Friday, June 24, 2016

Summer Reading: Little Bee

Little Bee by Chris Cleave is a book that I desperately wanted to love (there is so much hype surrounding it and the topic is particularly salient at the moment) but, while I did love many parts, the story left me feeling flat at the end. Little Bee is a 16-year-old Nigerian refugee who has seen her entire village, including her family, brutally murdered and is seeking asylum in the UK. Sarah is a 30-something suburbanite mother who runs her own fashion magazine but feels like she is losing her journalistic integrity and that her marriage is in shambles. The lives of these protagonists converge for a brief moment under horrific circumstances on a beach in Nigeria and the story begins two years later when Little Bee seeks Sarah out to help her (with flashbacks that reference the events many, many times before revealing them). The narrative alternates between the two women but I enjoyed Little Bee's perspective much more than Sarah's. I found Little Bee to be incredibly sympathetic and her voice made me think differently about the refugees around the world. I had tears in my eyes every time she would search for a way to kill herself in a new environment just in case the bad men found her and I laughed as she thought of ways to describe first world problems to the imaginary girls back in her village. I found Sarah to be less likable because her behavior seems so random.  I could never figure out her motivation for anything (I think her affair with Lawrence would have made more sense if it had begun after the events on the beach), including her reason for helping Little Bee, and she wasn't entirely believable to me, especially in her interactions with her son Charlie (who refuses to wear anything other than his Batman costume).
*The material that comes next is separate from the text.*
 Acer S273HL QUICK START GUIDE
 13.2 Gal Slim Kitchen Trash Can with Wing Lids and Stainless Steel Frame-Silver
I am not sure how I feel about the ending because it seems rather ambiguous, as if Cleave's message is that there is nothing anyone can do to help refugees. I don't want to believe that! I liked this book (I would have liked it better had it been from Little Bee's perspective only) but I didn't love it and I certainly don't think it lives up to the blurb on the cover (a cryptic message that the book is so good that the publishers can't give away any of the details).

Note:  I do, however, still want to read Cleave's latest book Everyone Brave Is Forgiven.